Natural Language Processing.

Primary LanguagePython

#Project: Natural Language Processing Assignment

Description: This project involves analyzing text data using natural language processing techniques. The tasks include building term-document and term-context matrices, applying weighting schemes, analyzing associations between words, and examining potential social biases in the data.


  • Python 3.8.10
  • Required Packages: scipy, numpy


  1. Download or clone the project repository.
  2. Ensure Python 3.8.10 is installed on your system.
  3. Install the required packages.
  4. Run the Python scripts(.py)to execute the code.


  1. Skeleton Python code: This code provides a starting point for the assignment and contains stubs for some functions that need to be implemented.

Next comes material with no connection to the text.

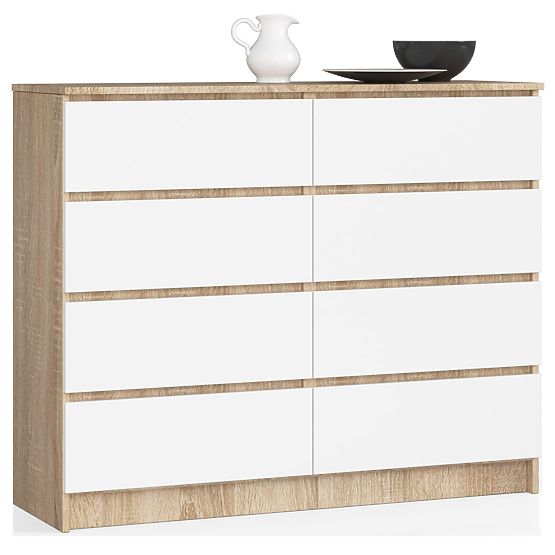COMMODE K 120 cm 8 TIROIRS PK SONOMA / BLANC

  2. CSV of the complete works of Shakespeare: This file contains the complete works of Shakespeare in CSV format. Each row represents a line from a play, with columns for play name, line number, character name, and the actual line.

  3. Vocab of the complete works of Shakespeare: This file contains the vocabulary extracted from the complete works of Shakespeare.

  4. List of all plays in the dataset: This file contains a list of all the plays included in the Shakespeare dataset.

  5. SNLI corpus: This corpus contains selections from the Stanford Natural Language Inference (SNLI) dataset, which is used for the NLP task of natural language inference. Each line in the corpus contains a sentence that is either a premise (an image caption) or a hypothesis produced by annotators to be in a certain logical relation with the associated premise (entailment, neutral, contradiction). The sentenceID column is a unique index for each sentence, and captionID is an ID for all sentences associated with the same caption/premise.

  6. List of identity labels from Rudinger et al. 2017: This file contains a list of identity labels that can be used for analyzing social biases in the SNLI corpus.

Discussion: No discussions with others were held regarding this assignment.

Generative AI tool: No generative AI tool was used for this assignment.

Unresolved issues or problems: No unresolved issues or problems were encountered during the completion of this assignment.


  • Bowman, S. R., Angeli, G., Potts, C., & Manning, C. D. (2015). A large annotated corpus for learning natural language inference. In Proceedings of the 2015 Conference on Empirical Methods in Natural Language Processing (EMNLP) (pp. 632-642).
  • Rudinger, R., Naradowsky, J., Leonard, B., & Van Durme, B. (2017). Social Bias in Elicited Natural Language Inferences.